The above point aside, having read and deeply enjoyed Lingna Nafafé book, I place him alongside the likes of Cécile Fromont (The Art of Conversion: Christian Visual Culture in the Kingdom of Kongo), Herman L. Bennett (African Kings and Black Slaves: Sovereignty and Dispossession in the Early Modern Atlantic), Larissa Brewer-García (Beyond Babel: Translations of Blackness in Colonial Peru and New Granada), and Miguel Valerio (Sovereign Joy: Afro-Mexican Kings and Queens, 1539-1640), in creating works that highlight both the agency, and the centrality, of Black individuals and Black communities, and thus Black histories, in the construction of the early modern Atlantic world.

Additionally, Lingna Nafafé also provides evidence that both Carlos II of Spain and Pedro II of Portugal “made a concerted effort to abolish slavery in the seventeenth century” because of Mendonça’s case, only to be halted by the economic logic of the day. Indeed, Antonio Vieira’s response to a letter from Pope Innocent XI in 1689, referenced within this book, best summarizes this economic rationale. After being asked by the Pontiff to take the “blessings of Christ to Palmares,” the aforementioned community in Brazil organised by runaway slaves, Vieira refused Innocent XI’s wishes.

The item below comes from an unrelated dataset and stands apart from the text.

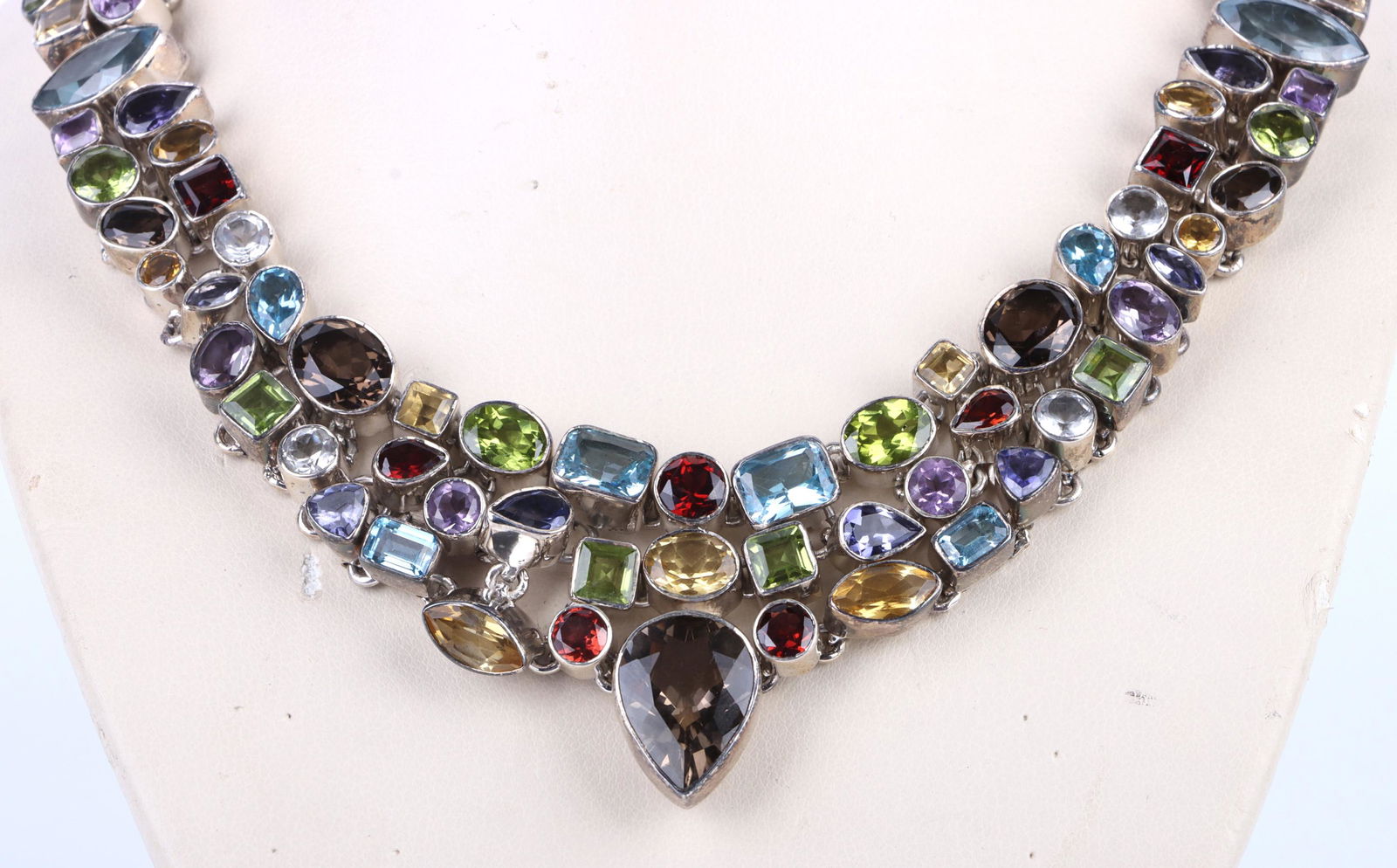 MULTI-GEMSTONE STERLING SILVER NECKLACE (1 of 4)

The Jesuit justified his actions on the grounds that the continued existence of Palmares could lead to “the total destruction of Brazil, since the other blacks knowing that through this means they could be free, would soon become other Palmares, fleeing and going to the forests with all their stock, that is nothing more than their own body.” Indeed, within five years of the sending of this letter, Palmares had been totally destroyed. Just as Mendonça’s attempt to create a different Atlantic world was ultimately quashed by opposing imperial interests, so too were the ambitions of the inhabitants of Palmares. Yet, throughout his work, Lingna Nafafé highlights the importance of studying these struggles, even if they failed.

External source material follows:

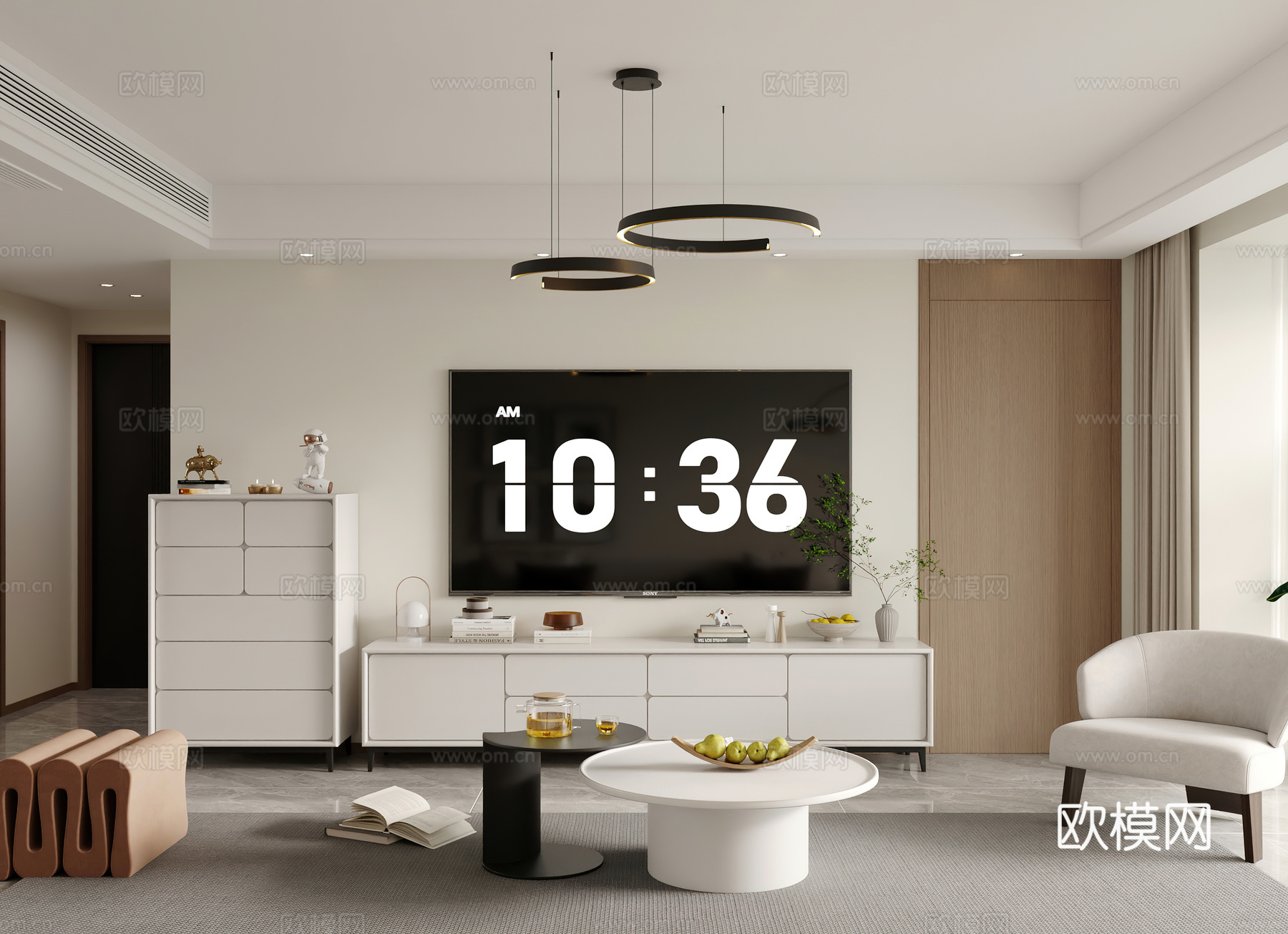 现代客餐厅 开放厨房 酒柜3d模型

Much of the work in this prodigiously researched and referenced book is newly retrieved from 36 archives across six countries—Angola, Brazil, Portugal, Spain, Italy, and the UK. The resulting depth of its revelatory scholarship, as well as its engagement with the wider historical canon, makes it essential reading for anyone working in the Early Modern Iberian Atlantic world, as well as those interested in histories of abolition and the Black Atlantic more broadly.